Nov 28, 2005

The nightmare before Xmas

This seizure-inducing Christmas light show, via the English Guy, reminds me that my parents just moved across the street from a house whose owner will doubtless consider it his duty to light up the night for Christmas. For Halloween all his trees and bushes were covered in orange lights. I believe there was a lawn ornament, too, but I can't recall what it was; possibly because I'm still recovering from the two-storey-high inflatable turkey that adorned his front yard for Thanksgiving. I expect he was outside the first thing Friday morning with strings of Christmas cheer to festoon around the premises.

Here's a slideshow of the 700 block on 34th Street in Baltimore, where every year, every house gets decorated.

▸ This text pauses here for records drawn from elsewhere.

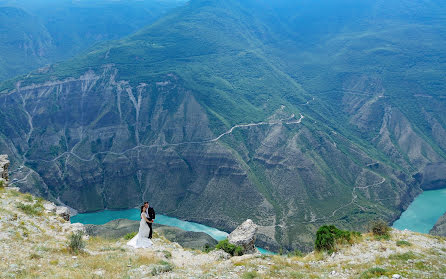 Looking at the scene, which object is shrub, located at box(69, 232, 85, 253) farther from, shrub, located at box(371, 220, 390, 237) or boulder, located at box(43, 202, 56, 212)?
shrub, located at box(371, 220, 390, 237)

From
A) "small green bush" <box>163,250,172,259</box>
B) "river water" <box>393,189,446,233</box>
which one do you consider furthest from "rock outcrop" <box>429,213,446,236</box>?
"small green bush" <box>163,250,172,259</box>

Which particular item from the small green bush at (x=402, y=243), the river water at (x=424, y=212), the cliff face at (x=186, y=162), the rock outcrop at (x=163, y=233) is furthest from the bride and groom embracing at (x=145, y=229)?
the river water at (x=424, y=212)

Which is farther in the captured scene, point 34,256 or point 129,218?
point 129,218

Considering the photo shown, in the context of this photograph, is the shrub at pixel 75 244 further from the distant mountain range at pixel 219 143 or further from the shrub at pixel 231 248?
the distant mountain range at pixel 219 143

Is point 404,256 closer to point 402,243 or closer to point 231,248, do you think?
point 402,243

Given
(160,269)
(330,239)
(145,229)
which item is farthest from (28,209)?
(330,239) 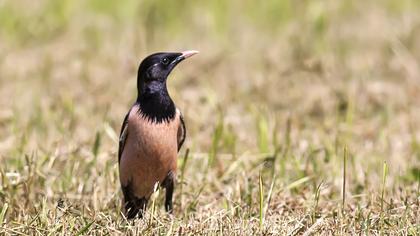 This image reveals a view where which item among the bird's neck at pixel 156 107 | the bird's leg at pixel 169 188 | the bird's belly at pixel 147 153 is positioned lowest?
the bird's leg at pixel 169 188

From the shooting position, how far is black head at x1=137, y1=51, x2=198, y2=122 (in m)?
6.12

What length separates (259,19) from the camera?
1099 cm

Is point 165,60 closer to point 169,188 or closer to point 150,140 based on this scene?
point 150,140

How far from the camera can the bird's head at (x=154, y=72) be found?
20.4 ft

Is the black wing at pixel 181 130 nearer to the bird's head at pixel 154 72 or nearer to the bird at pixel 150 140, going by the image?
the bird at pixel 150 140

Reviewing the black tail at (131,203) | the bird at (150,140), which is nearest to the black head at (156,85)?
the bird at (150,140)

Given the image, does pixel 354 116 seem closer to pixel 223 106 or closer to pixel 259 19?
pixel 223 106

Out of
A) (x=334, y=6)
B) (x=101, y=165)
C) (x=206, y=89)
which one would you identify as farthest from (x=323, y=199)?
(x=334, y=6)

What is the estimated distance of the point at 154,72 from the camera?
20.4 ft

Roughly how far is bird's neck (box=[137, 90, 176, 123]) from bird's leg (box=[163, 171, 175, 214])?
36 centimetres

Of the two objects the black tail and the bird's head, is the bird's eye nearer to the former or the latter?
the bird's head

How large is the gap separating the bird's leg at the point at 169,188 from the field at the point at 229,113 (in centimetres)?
9

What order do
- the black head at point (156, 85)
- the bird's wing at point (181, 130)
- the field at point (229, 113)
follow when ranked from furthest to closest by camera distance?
the bird's wing at point (181, 130) → the black head at point (156, 85) → the field at point (229, 113)

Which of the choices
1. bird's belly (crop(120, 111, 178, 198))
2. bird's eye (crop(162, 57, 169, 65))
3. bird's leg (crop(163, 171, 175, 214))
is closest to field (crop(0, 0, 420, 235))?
bird's leg (crop(163, 171, 175, 214)) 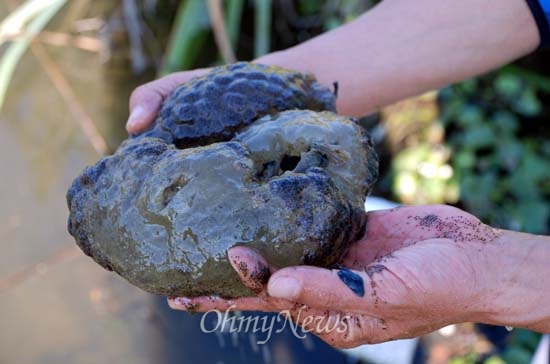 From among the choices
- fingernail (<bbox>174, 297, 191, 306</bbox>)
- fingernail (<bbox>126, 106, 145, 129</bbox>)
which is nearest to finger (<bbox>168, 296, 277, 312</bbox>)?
fingernail (<bbox>174, 297, 191, 306</bbox>)

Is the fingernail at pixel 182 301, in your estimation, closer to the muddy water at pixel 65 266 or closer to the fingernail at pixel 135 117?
the fingernail at pixel 135 117

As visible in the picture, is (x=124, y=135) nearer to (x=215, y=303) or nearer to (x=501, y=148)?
(x=501, y=148)

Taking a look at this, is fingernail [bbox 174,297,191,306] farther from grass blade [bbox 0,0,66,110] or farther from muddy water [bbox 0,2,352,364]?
grass blade [bbox 0,0,66,110]

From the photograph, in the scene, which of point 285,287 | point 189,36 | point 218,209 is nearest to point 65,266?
point 189,36

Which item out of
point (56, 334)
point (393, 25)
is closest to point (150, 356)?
point (56, 334)

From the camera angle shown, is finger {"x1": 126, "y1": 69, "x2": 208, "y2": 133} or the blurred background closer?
finger {"x1": 126, "y1": 69, "x2": 208, "y2": 133}

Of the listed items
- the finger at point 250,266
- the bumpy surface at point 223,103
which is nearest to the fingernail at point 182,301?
the finger at point 250,266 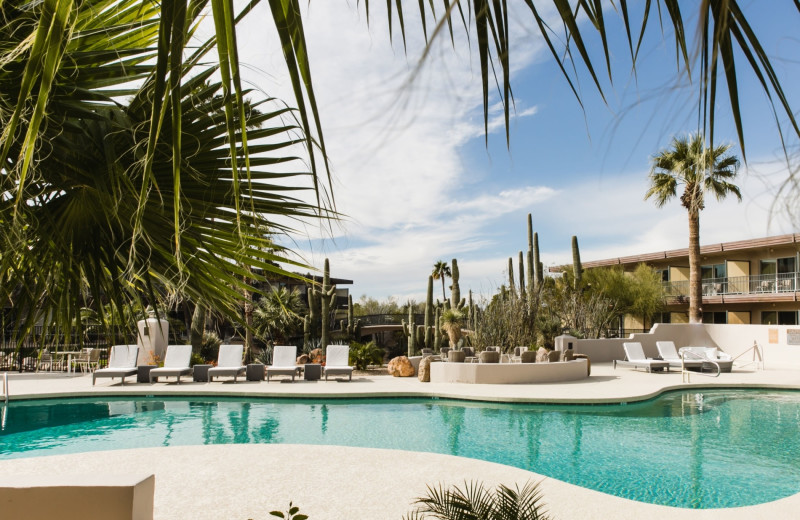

Robbo the Llama Butcher takes a rather dim view of all that illumination in his post "Rigidly Hidebound Llama Christmas Decorating Tips."
Exterior lights - bad. Yard ornaments of any kind, including the eight foot tall illuminated blow-up Snoopy on display three doors up from us - worse. Nativities, sleighs and/or reindeer either on the grass or the roof - wrong, wrong wrong. And if you try to simulate snowfall in any way, shape or form, don't ever come back to this blog again.

In short, all that Griswold Family Christmas stuff is right out. I read about those neighborhoods that pride themselves on their yearly displays and recoil. I read about people who actually drive around to look at such neighborhoods with horror, meanwhile fumbling around for my branding irons so I can stamp a large letter "L" on their foreheads.